With over 20% of the world’s water reserves, Russia is one of the richest countries in terms of its water resources with almost 30 thousand m³ per capita produced annually. This amount significantly exceeds the minimum level of 1.7 thousand m³ per capita set by the United Nations (UN) organisation.
One of the historical issues for the Russian water sector was the high water intensity in the economy and relatively high losses in water supply. Annual water losses amount to 7.5 km³, mainly driven by housing, public utilities and agriculture. A low technological level and outdated infrastructure are among the main reasons for such losses. For instance, according to Rosvodokanal, the wear ratio in the water-supply network is over 65% for water supply pipelines, approximately 63% for drainage networks, around 65% for water pumping stations, around 60% for sewer pumping stations, 64% for waste water facilities and 56% for sewage treatment facilities.
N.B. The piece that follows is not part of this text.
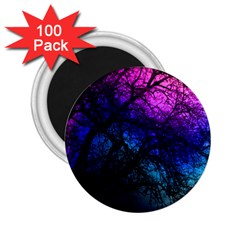 Fall Feels 2 25  Magnets (100 Pack)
A main source of capital expenditure for the municipal utilities companies has been tariffs which have been growing at a higher rate than the average inflation level.
The water component of tariffs grew to approximately 10% in 2013, while GDP growth was 1.3%. Aside from the tariffs, the government approved several federal programmes for the purposes of the development of this sector. Under the “Clean Water” federal programme, around Rub 276 billion is scheduled to be invested over the period from 2013 to 2017. In addition, Rub 290.6 billion will be invested under the federal state program “Development of the water utilities in Russia in 2013- 2017”.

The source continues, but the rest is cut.